As readers may recall, the October 11th BBC report on the subject of the murder of Col. (res.) Sariya Ofer included the following statement:
“The dead man is the third Israeli to be killed in what Israel characterises as “terror attacks” in the last month in the West Bank. Two serving soldiers have also died.” [emphasis added]
Both the wording and use of punctuation in that statement imply that the BBC questions the classification of the various recent attacks as terror incidents, as indeed the BBC College of Journalism warned would be likely to be the case in its entry on the subject in its style guide.
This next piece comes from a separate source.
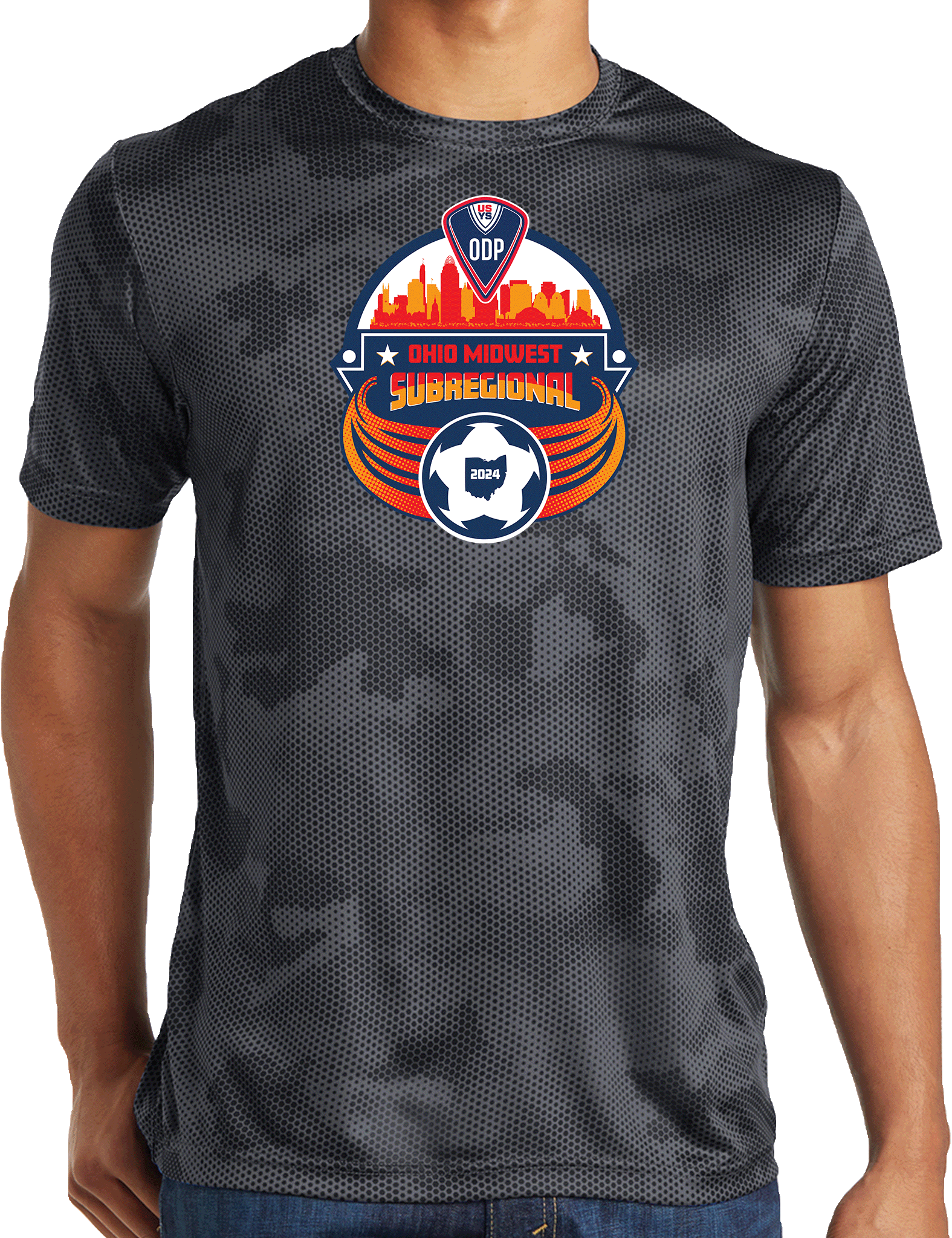 Performance Shirts - 2024 USYS ODP OH Midwest Subregional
“Beware of paraphrasing and selective quotation, e.g.: “The Israeli prime minister said that while ‘terrorist’ attacks continued he would not back down.” Putting the single word ‘terrorist’ in quotes may give the impression that the BBC is sceptical about the prime minister’s assessment of the nature of the attacks.”
Hamas Prime Minister Ismail Haniyeh, however, does not share the BBC’s scepticism. In a speech given on October 19th he called for a third Intifada in order to disrupt the ongoing talks between Israel and the PLO.
“Urging a renewal of intifada “resistance,” Haniyeh praised the “heroic martyrs” responsible for a series of recent terrorist attacks in the West Bank, in which two soldiers were killed, a retired army colonel was bludgeoned to death, and a nine-year-old girl was shot and lightly injured. In the latest suspected terrorist attack, on Thursday, a Palestinian man rammed a tractor through the gate of an army base north of Jerusalem and was shot dead by IDF forces.”
Of course BBC audiences have yet to be informed of the content of Haniyeh’s latest speech or the fact that Hamas has officially taken responsibility for the construction of the recently discovered cross-border tunnel.
Likewise, BBC audiences have not been informed of the attempted infiltration in the Negev town of Meitar on October 20th, the shots fired at an IDF patrol near Kibbutz Sufa on the southern part of the border between Israel and the Gaza Strip on the evening of the same day, the discovery of an IED on the Gaza border on October 21st or the attempted stabbing on a bus travelling between Beit Shemesh and Beitar Illit – also on the evening of October 20th – as captured on the bus’ security camera.
These latest additions to the BBC’s record of omission are of course less surprising when one considers that it elected not to include the issue of terrorism in its definition of the so-called “core issues” of the Middle East conflict.